*What needs to be done*
Omit every picture, then return the listing verbatim.
◇ ◇ ◇ ◇ ◇ ◇ ◇
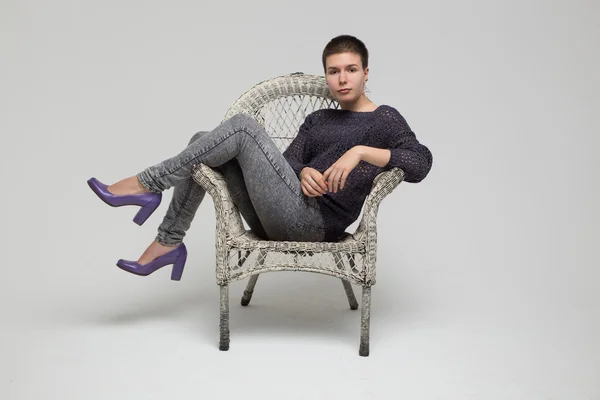 Flickan sitter i stol, isolerad på grå bakgrund — Stockfoto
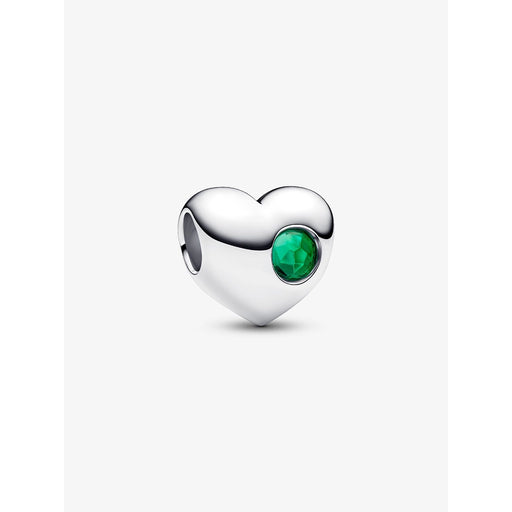 A standalone silver Pandora heart-shaped charm with a faceted green stone accent on a white background.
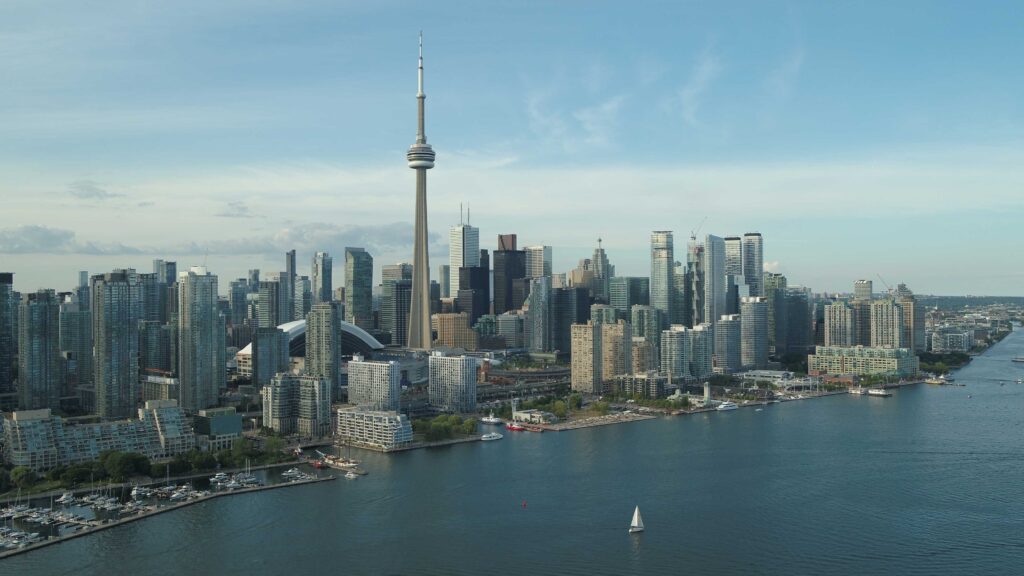 Aerial of city skyline with a sailboat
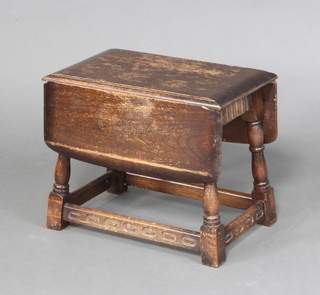 An oak drop flap occasional table raised on turned and block supports 40cm h x 50cm w x 30cm 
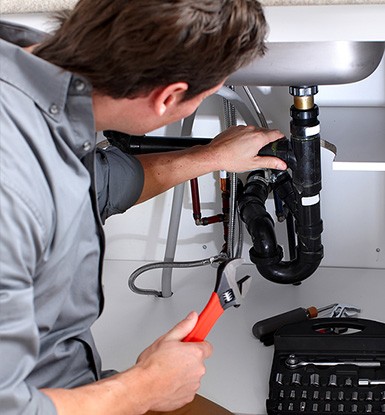 engineer repairing pipes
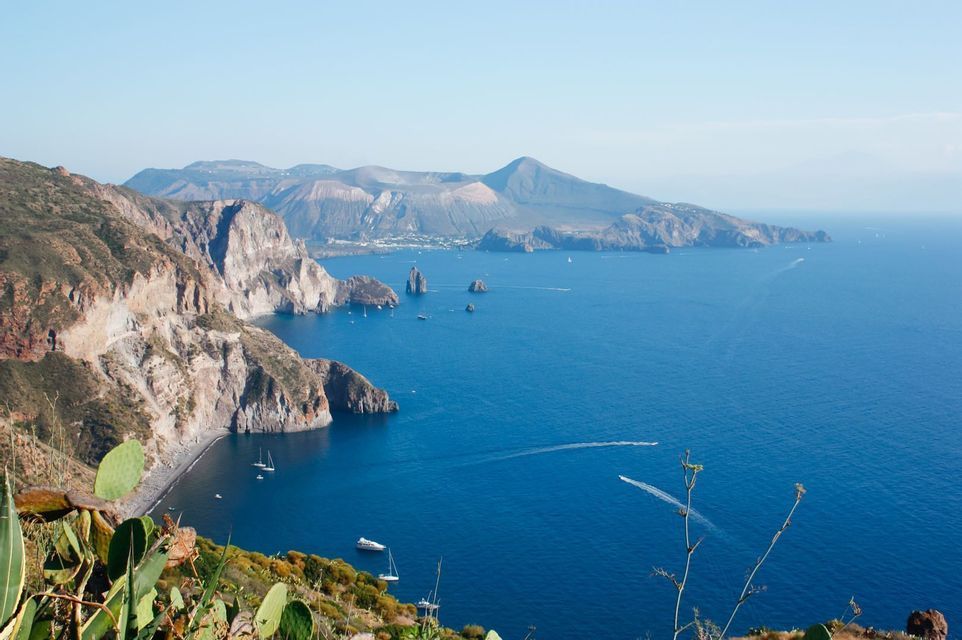 Una vista dall'alto di una costa aspra e rocciosa che si fonde con un mare blu intenso, con isole vulcaniche all'orizzonte e diverse imbarcazioni sull'acqua.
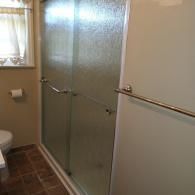 A view of a bathroom shower featuring textured glass sliding doors, chrome towel bars, and a nearby toilet and window.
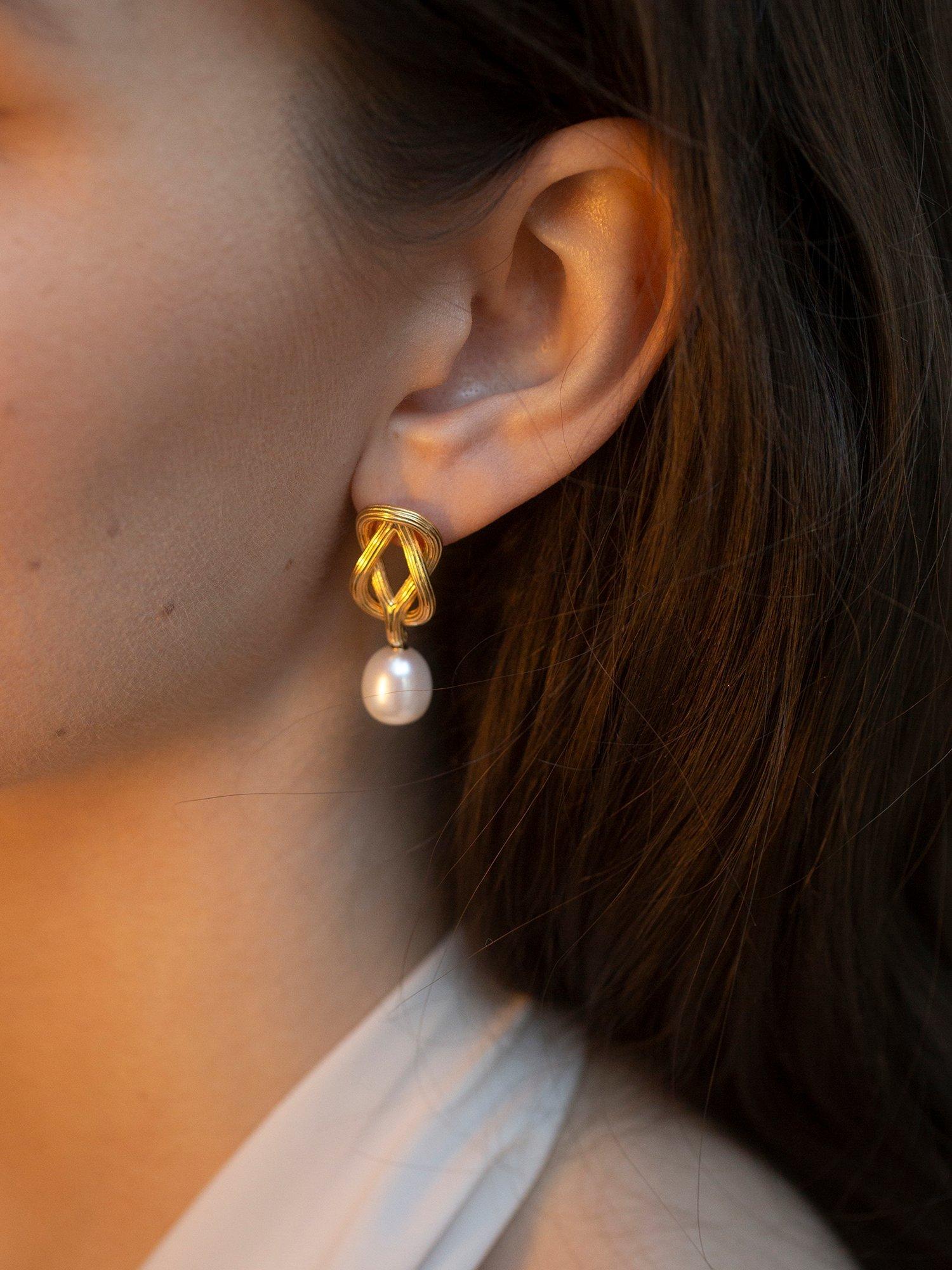 Product image 2 of 6, which shows Claudia Bradby Freshwater Pearl Connection Knots Drop Earrings, Gold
◇ ◇ ◇ ◇ ◇ ◇ ◇
*Written response*
 Flickan sitter i stol, isolerad på grå bakgrund — Stockfoto
 A standalone silver Pandora heart-shaped charm with a faceted green stone accent on a white background.
 Aerial of city skyline with a sailboat
 An oak drop flap occasional table raised on turned and block supports 40cm h x 50cm w x 30cm 
 engineer repairing pipes
 Una vista dall'alto di una costa aspra e rocciosa che si fonde con un mare blu intenso, con isole vulcaniche all'orizzonte e diverse imbarcazioni sull'acqua.
 A view of a bathroom shower featuring textured glass sliding doors, chrome towel bars, and a nearby toilet and window.
 Product image 2 of 6, which shows Claudia Bradby Freshwater Pearl Connection Knots Drop Earrings, Gold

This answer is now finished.